# Work required:
Using the records that follow, reproduce exactly the lines starting at the line containing "Three 1986 Canadian" and ending at the line containing "a building outdoor". Include both end lines and no pictures.

# Entries provided:
┄┄┄┄┄┄

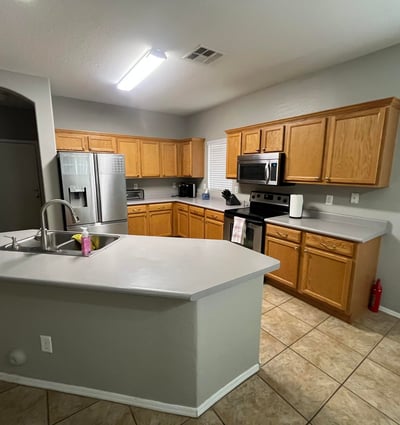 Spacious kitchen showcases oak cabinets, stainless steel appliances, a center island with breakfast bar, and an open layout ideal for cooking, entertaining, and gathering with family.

┄┄┄┄┄┄

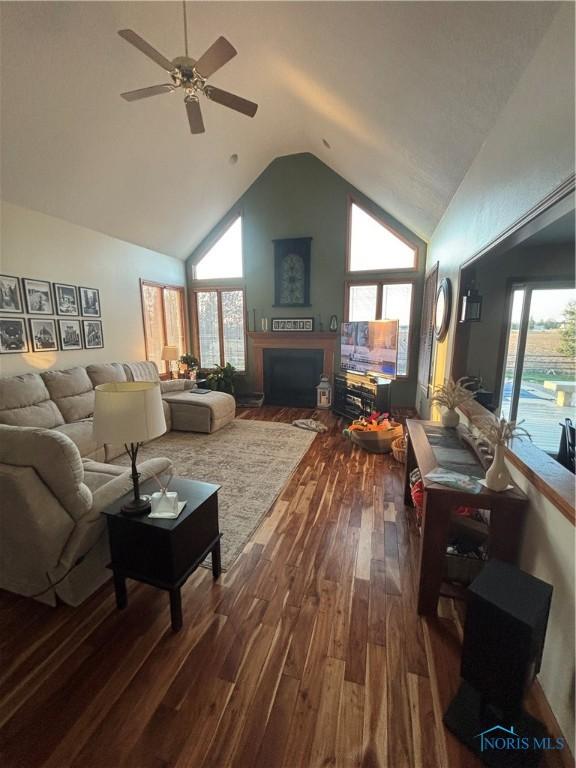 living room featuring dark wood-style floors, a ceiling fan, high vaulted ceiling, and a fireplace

┄┄┄┄┄┄

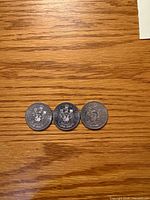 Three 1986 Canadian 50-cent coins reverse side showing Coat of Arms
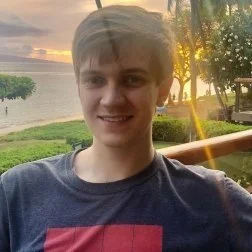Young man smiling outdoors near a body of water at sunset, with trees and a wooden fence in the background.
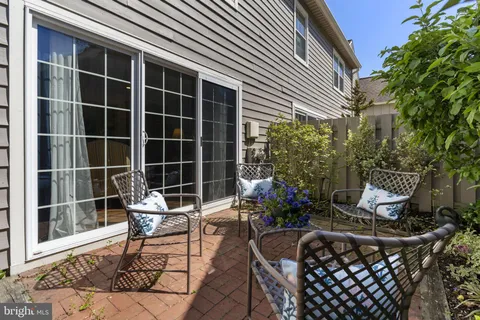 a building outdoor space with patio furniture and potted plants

┄┄┄┄┄┄

# Result for this task:
 Three 1986 Canadian 50-cent coins reverse side showing Coat of Arms
Young man smiling outdoors near a body of water at sunset, with trees and a wooden fence in the background.
 a building outdoor space with patio furniture and potted plants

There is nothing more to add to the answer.